Today is a big day at Poodle Jumper! Our team is preparing to release an iteration we’ve been working on for the past two months. The release provides a new feature for customers to schedule recurring services for their pets so they don’t have to schedule it manually every time.
This new feature required a few architectural changes, so we’ll need to bring the services down to make the changes. When this kind of deployment strategy is required, we do the work in the middle of the night to avoid interruption to our customers and providers.
We schedule it in advance and let the customers and support team know when they can expect the service to be back up and running. Before the release, I capture snapshots of the database and applications to make sure we have backups just in case something goes wrong.
Tonight, our release is scheduled for midnight. Everyone from the release team joins the virtual meeting from home. It starts by bringing down the service and updating the code and database to the new version. This can be as fast as five minutes or as slow as several hours, depending on the changes.
When the new version is in place, the automated tests run and the team splits up the manual test cases to make sure it is working as expected. I keep a really close eye on the error logs and analytics to capture anything unexpected.

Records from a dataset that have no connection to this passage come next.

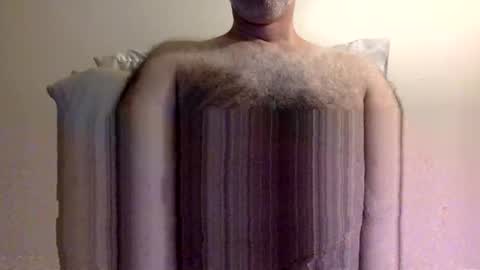 Snapshot of knbnyc chatting on November 7, 5:40 am knbnyc online show from November 7, 5:40 am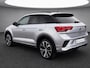 Volkswagen T-Roc 1.5eTsi/150PK DSG R-Line Black Style · Panoramadak · Camera + Parkeersensoren · Apple/Android Car Play · Garantie t/m 18-06-2027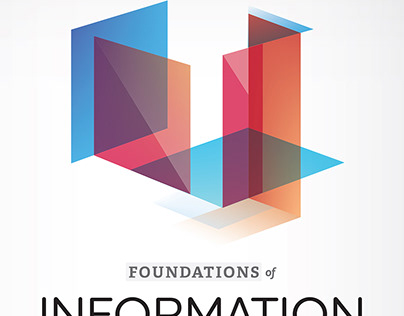 Foundations of Info Policy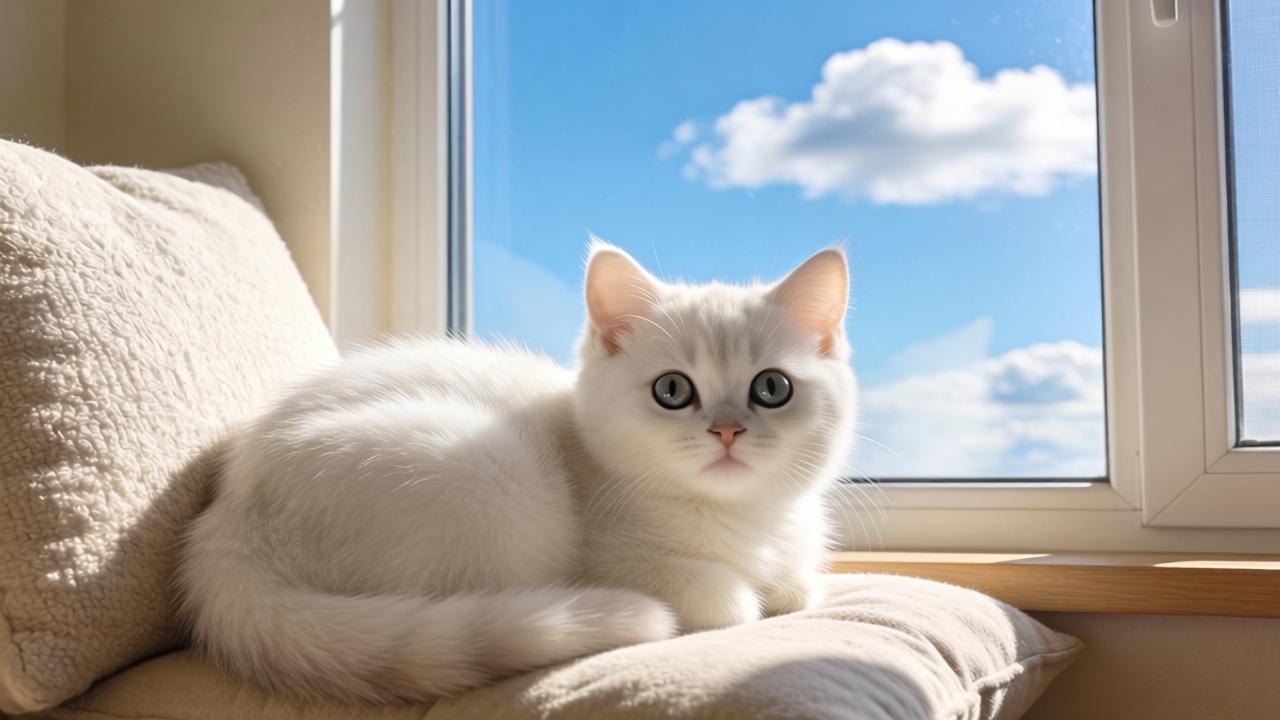 百洋智能科技与医科达战略合作推进AI肿瘤放疗应用-火线前沿信息技术有限公司第三张图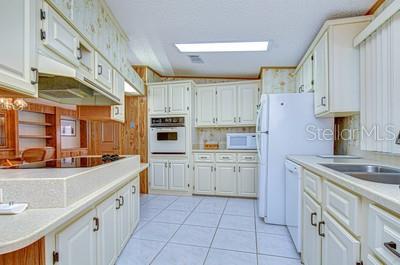 35909 BUENO DR, ZEPHYRHILLS, FL, 33541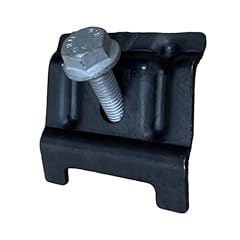 Pulchra battery clamp for sale  Delivered anywhere in UK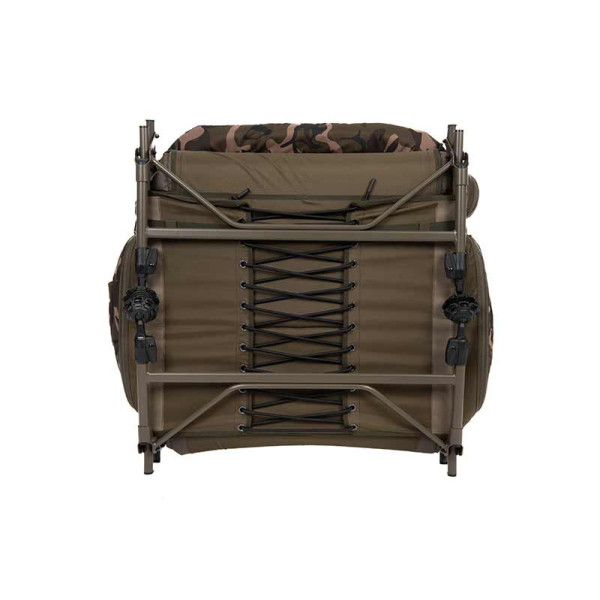 FOX Camolite Sleep System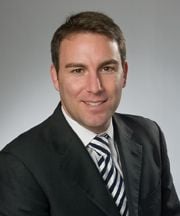 Featured image for article about Technology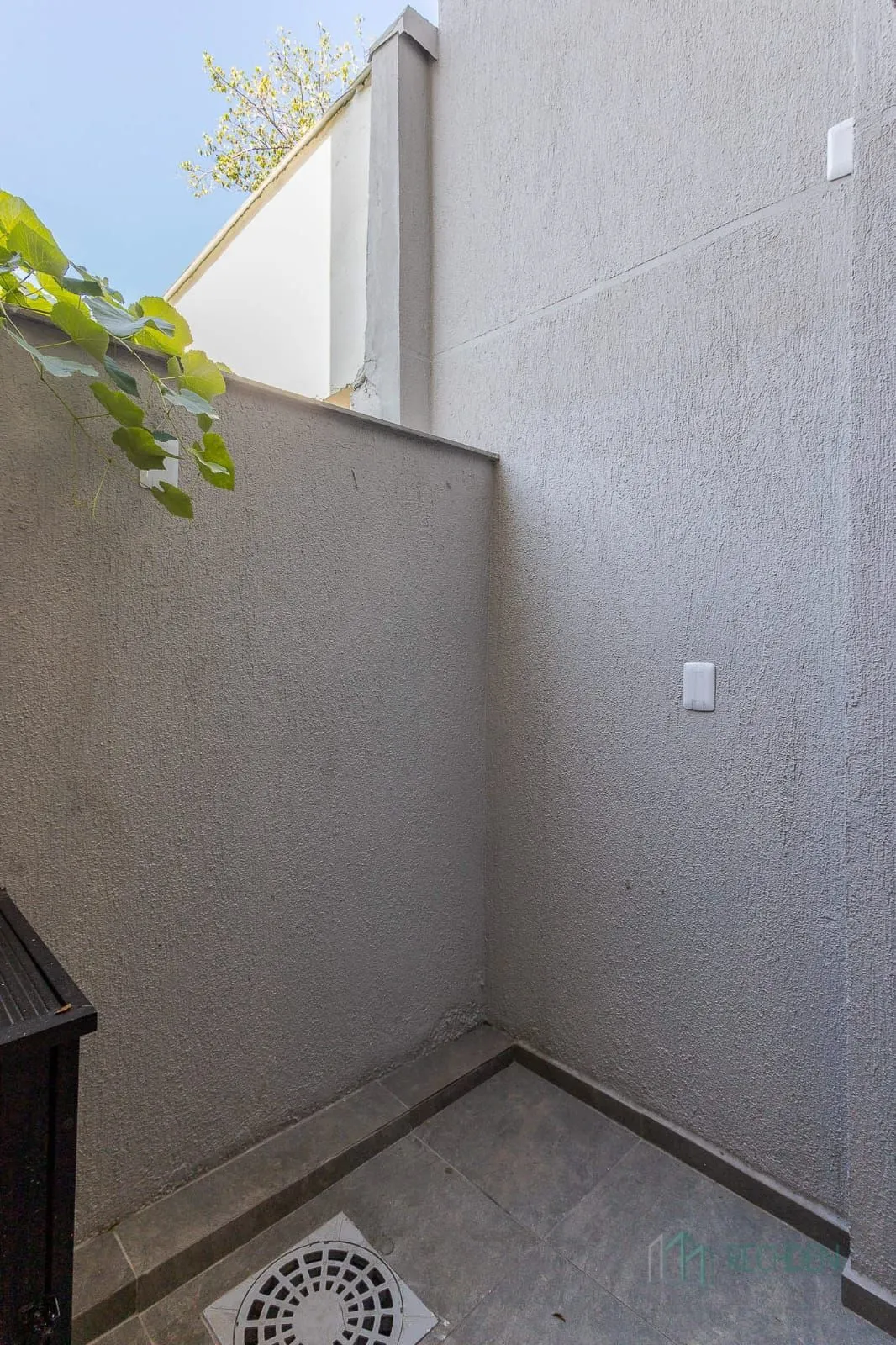 Imagem Casa Condominio para Venda - 94.47m², 3 dormitórios, sendo 1 suites, 1 vaga - Medianeira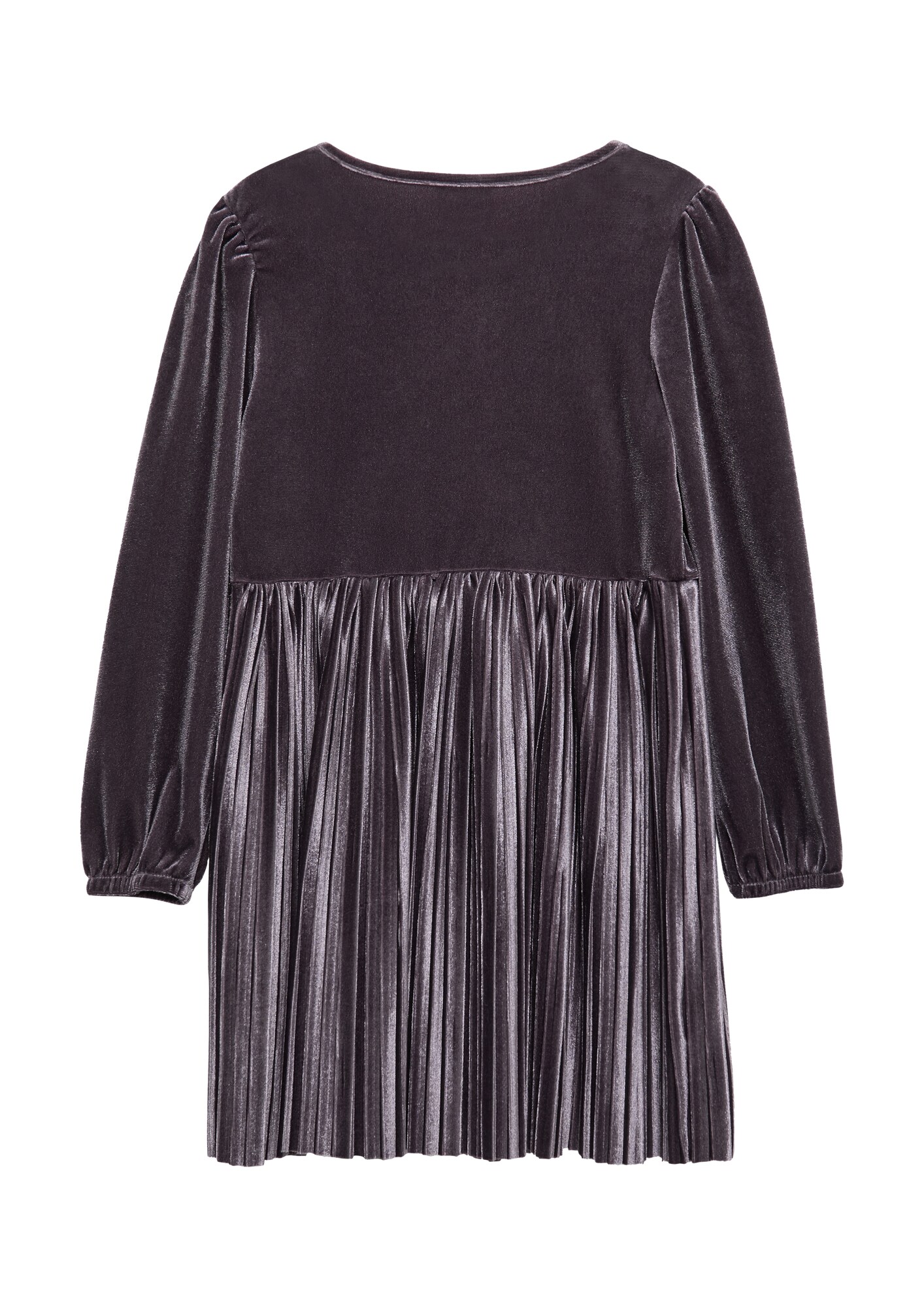 Thumbnail - Kleid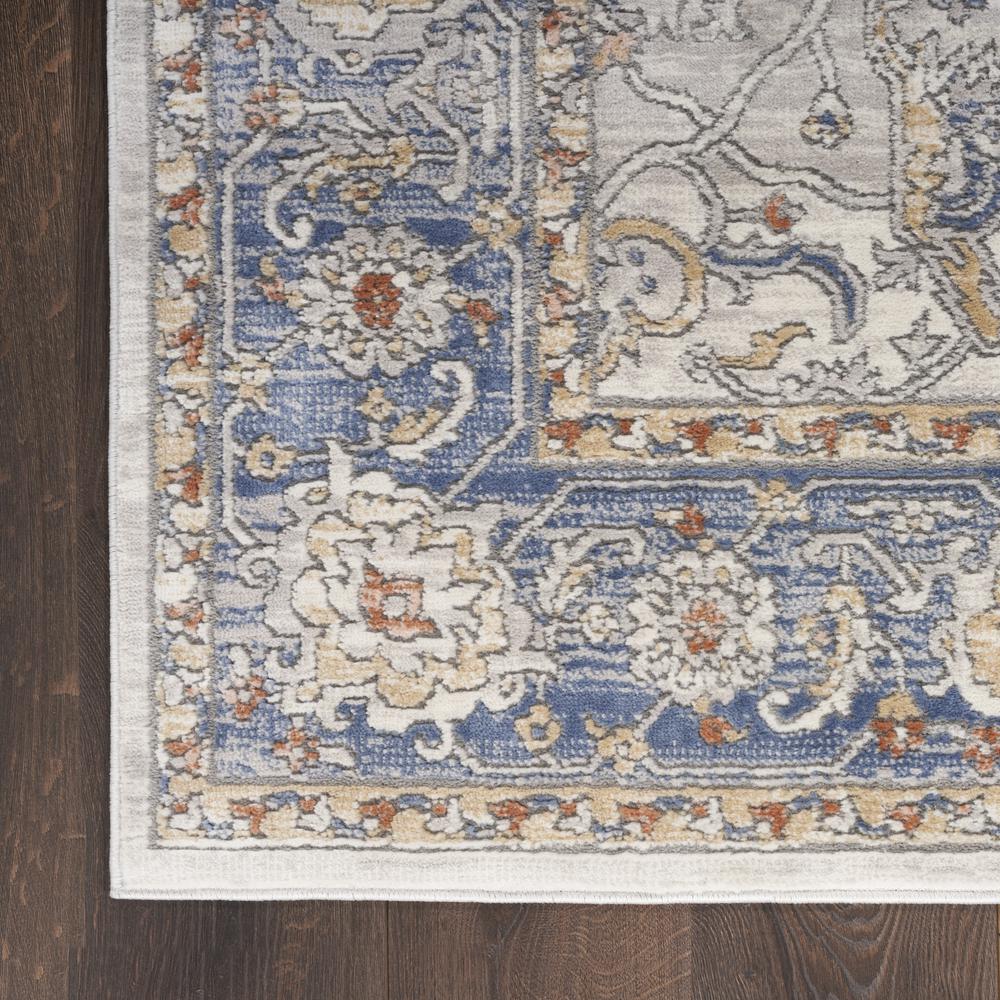 New Concept Washables Series 4 Area Rug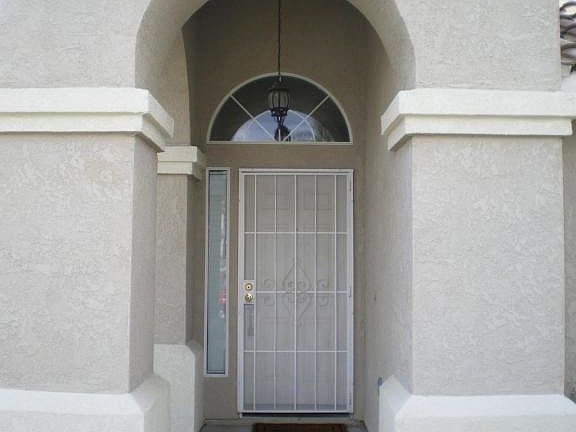 2nd image of 1260 Avenida Rosa Mundi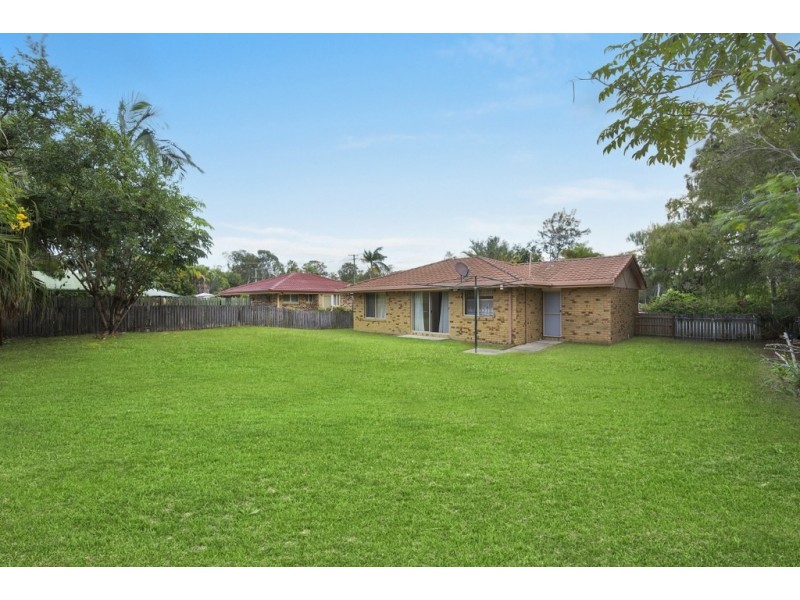 128 Bancroft Terrace, Deception Bay QLD 4508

If we find major issues that can’t be fixed quickly, the release is rolled back. Luckily, tonight the release is a success. We’ll get a few hours of sleep before logging in tomorrow to make sure everything is still working well. I’m on-call, so I know that if anything comes up, I’ll get a call.
The next morning, I come in and immediately look at the analytics and support queue. I know nothing serious happened because I didn’t get any alerts after the release, but I see one new issue the support team sent to us.
Amanda (QA) has taken the initiative to look at it and provided me with the details. When the user tries to schedule a recurring service for her dog, she sees an error message that says, “An unexpected error has occurred.” Amanda looked at the user's account and saw the same error when she tried to schedule as the user.
Being able to reproduce an error is extremely helpful for resolving it. We leveraged tools to debug the error and identified an issue with the data in the user’s account.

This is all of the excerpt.